Murray White was the first British author to publish a book on circle time, and his Magic Circles raised the profile and popularity of circle time during the 1980s.

Jenny Mosley is credited with pioneering and popularising its use in schools, and other group environments. She says that industry used it "to overcome the gulf that can develop between management and the shop floor...the reputation for quality which Japan enjoys can be attributed largely to the widespread use of the approach".

Circle time in the United States is a less formal program. Childcare centers often have one, two, or three group gatherings a day that are referred to as "Circle Time." During this time, the children sit in a circle (usually on a rug) and the teacher may read a book aloud, lead a sing-along, or engage the children in a discussion. Circle times may start with an analysis of the weather and a correlation between the type of clothing that the children are wearing.

==Organization==
An open circle is made of chairs or cushions, allowing everyone to face each other clearly.

Many schools also use a `talking object` to facilitate discussion. The talking object can be anything (a stuffed toy, a cushion or a decorated piece of wood or plastic).
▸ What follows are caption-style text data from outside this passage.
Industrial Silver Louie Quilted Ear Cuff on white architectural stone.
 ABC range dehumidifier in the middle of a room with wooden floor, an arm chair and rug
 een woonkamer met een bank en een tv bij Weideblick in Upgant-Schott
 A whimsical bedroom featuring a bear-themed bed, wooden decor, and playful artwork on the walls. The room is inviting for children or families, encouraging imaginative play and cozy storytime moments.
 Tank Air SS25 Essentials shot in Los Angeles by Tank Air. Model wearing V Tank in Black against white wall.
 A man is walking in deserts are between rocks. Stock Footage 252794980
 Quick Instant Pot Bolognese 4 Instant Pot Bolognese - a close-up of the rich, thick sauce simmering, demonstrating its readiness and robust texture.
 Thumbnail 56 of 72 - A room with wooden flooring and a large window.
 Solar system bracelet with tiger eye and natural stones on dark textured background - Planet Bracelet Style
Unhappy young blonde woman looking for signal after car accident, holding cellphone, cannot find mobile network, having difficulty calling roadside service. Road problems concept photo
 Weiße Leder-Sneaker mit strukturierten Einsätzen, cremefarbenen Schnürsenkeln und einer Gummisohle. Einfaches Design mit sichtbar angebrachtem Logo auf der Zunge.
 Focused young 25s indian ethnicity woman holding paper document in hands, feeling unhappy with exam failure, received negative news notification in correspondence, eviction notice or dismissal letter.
This talking object is then passed around the circle, and only the person who has the talking object is allowed to speak.

The teacher sits on the same type of chair or cushion as everyone else. This helps to signal that what is happening is a special kind of classroom activity in which the teacher is a facilitator rather than a director. The teacher has a special responsibility to make sure that everyone's emotions are protected and that suitable activities are prepared.

==Uses==
Circle time can be used to help solve problems which have been identified by either the teacher or students. Issues and problems can be identified by brainstorming or by rounds such as, "the best thing about this school is..." and "the worst thing about this school is...". Then the idea is to make sure that if a real problem is identified at least one positive suggestion is agreed on before the session ends.

Games and activities can be engaged in and are designed to promote trust, respect, empathy and understanding which offers participants the security and freedom to explore issues and find ways forward.

Without adequate training, the process can become diluted and ineffectual or misused by teachers to try and shame children publicly and coerce them into 'behaving'. Children can become cynical and apathetic towards the process, detecting a divide between values and action and may come to see it as little more than another control mechanism.